Each cell offers the opportunity to zoom in for a more detailed slice of the resulting data. This capability can be expanded and would be extremely useful to researchers and others. There can be further rings (i.e., 305, etc.), and large displays would easily support five or ten rings, or even more. Also, partial transparent multiple planes of the honeycomb could be in 3-D and thus open up more and deeper opportunities for displaying results. They could, for example, be assigned to different search engines, archives etc.
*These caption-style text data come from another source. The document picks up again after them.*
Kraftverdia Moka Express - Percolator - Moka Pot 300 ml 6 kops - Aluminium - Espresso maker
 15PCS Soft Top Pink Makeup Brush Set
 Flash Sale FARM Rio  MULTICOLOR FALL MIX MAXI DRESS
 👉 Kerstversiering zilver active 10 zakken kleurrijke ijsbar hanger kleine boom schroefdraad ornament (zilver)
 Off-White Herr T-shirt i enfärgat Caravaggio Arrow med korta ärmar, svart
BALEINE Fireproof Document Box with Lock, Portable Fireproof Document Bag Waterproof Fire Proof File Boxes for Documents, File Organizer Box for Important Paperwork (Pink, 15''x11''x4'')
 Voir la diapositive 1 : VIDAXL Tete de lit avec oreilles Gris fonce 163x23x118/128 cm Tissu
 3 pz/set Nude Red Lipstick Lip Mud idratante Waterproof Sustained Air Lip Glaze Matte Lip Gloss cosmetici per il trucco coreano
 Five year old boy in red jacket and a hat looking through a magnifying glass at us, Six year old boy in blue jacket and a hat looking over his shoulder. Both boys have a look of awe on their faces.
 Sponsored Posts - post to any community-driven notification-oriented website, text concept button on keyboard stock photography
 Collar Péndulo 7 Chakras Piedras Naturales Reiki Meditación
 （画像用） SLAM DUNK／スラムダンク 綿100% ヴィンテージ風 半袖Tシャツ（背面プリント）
As the user moves from ring to ring or from side to side or plane to plane he may be presented with a password for security purposes. For example, in the Mustang example described below, a user could hit a Ford Zone requiring a password to get in. And then within that area the original BOM may be presented, which could require yet another password. Further, payment may be required, which could be managed by either having a subscription to a for-fee database, or allowing a micropayment mechanism (not shown) to reside in software instance 115. Such systems would make allowances for the fluidity of databases (both public and private, free and for fee) over time. Passwords may be prompted for in the usual manner, or may be stored in either a common password vault, such as Microsoft™ Passport™, or in a proprietary system (not shown) integrated in software instance 115, and stored along with other personal data as described above.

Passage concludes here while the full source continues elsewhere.